Dia juga mempelajari lebih banyak tentang sistem kepercayaan suku bangsa Mentawai yang disebut Arat Sabulungan. "Mereka mempercayai bahwa semua hal di alam memiliki jiwa. Dan, jika manusia akan meninggal, jiwa mereka kembali ke alam dan menjadi bagian dari alam," jelasnya.
Sayangnya, saat ini tidak semua orang Mentawai meneruskan pesan luhur ini. Generasi baru mulai mengikis cara hidup tradisional orang Mentawai. "Semakin menghilang. Hal ini masih hidup di kalangan tetua, mereka ingin terus meneruskan kepada generasi berikutnya," ujarnya.
Menurut Henry, orang Mentawai saat ini sudah dapat hidup secara bebas, berbeda dengan para leluhur mereka. Selama Henry tinggal di sana, dia membuat film dokumenter, yang diberi judul As Worlds Divide. Dia berharap film perjalanan delapan tahunnya dapat menyoroti bagaimana kehidupan asli orang Mentawai.
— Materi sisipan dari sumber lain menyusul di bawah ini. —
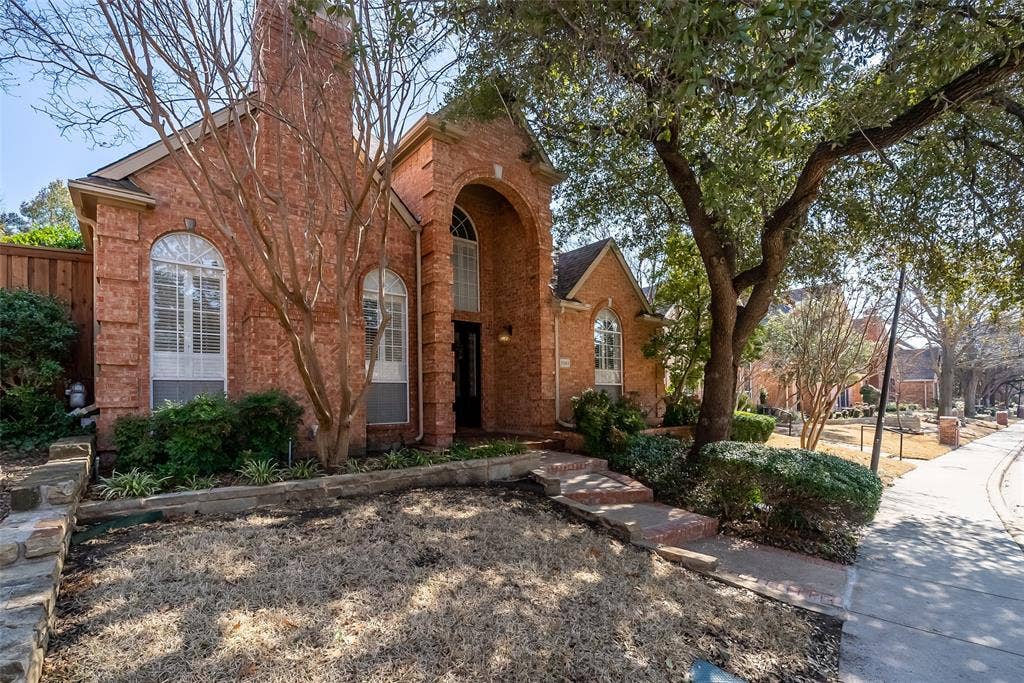 8640 Breakers Point, Dallas, TX 75243 Brick exterior featuring arched windows and a prominent chimney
"Saya belajar banyak. Saya belajar betapa hanya sedikit yang diperlukan untuk bahagia. Hal itu jelas bukan berasal dari materi. Benar-benar dari dalam diri sendiri dan hubungan kita dengan keluarga dan teman. Saya pikir, bagi semua kebudayaan asli, hal itulah yang menyebabkan mereka bisa bertahan selama puluhan ribu tahun," papar Rob Henry.